*** Opening of Dataset extract ***
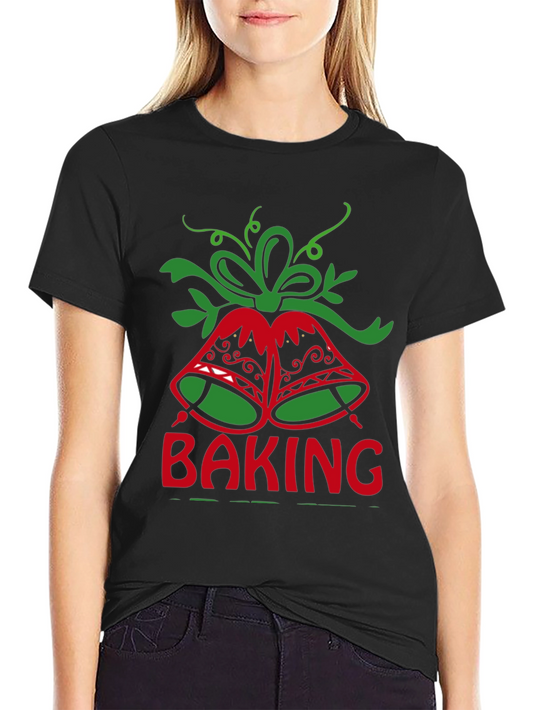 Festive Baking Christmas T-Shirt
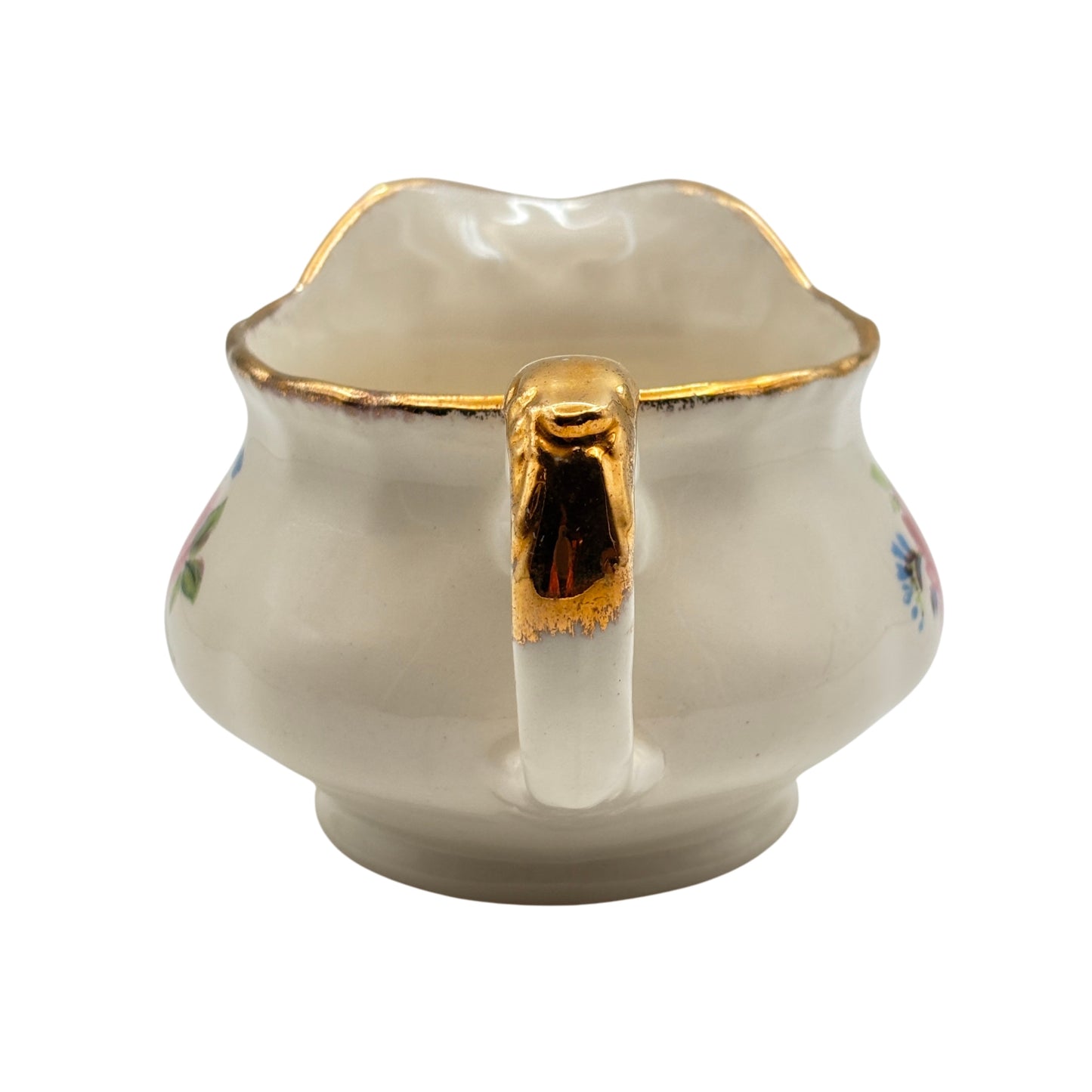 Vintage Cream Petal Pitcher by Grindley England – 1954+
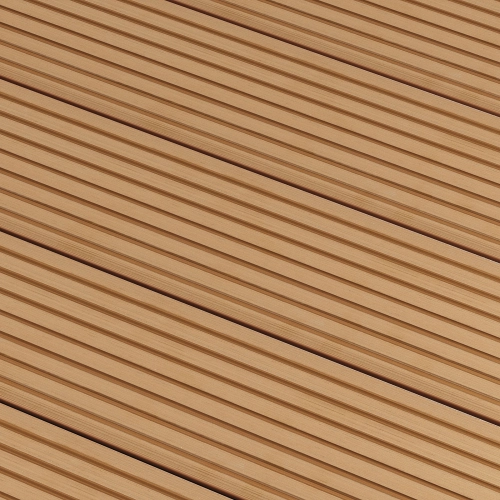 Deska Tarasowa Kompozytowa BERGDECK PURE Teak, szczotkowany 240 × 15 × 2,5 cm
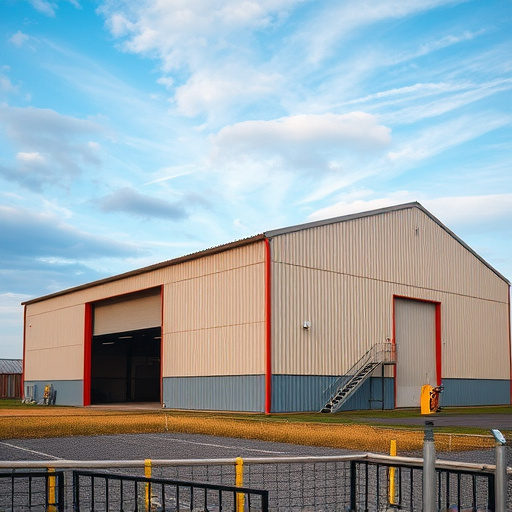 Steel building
*** Close of Dataset extract ***
> _Aim of the task_
The entire listing above, minus its pictures, should be copied out exactly.

> _Written response_
 Festive Baking Christmas T-Shirt
 Vintage Cream Petal Pitcher by Grindley England – 1954+
 Deska Tarasowa Kompozytowa BERGDECK PURE Teak, szczotkowany 240 × 15 × 2,5 cm
 Steel building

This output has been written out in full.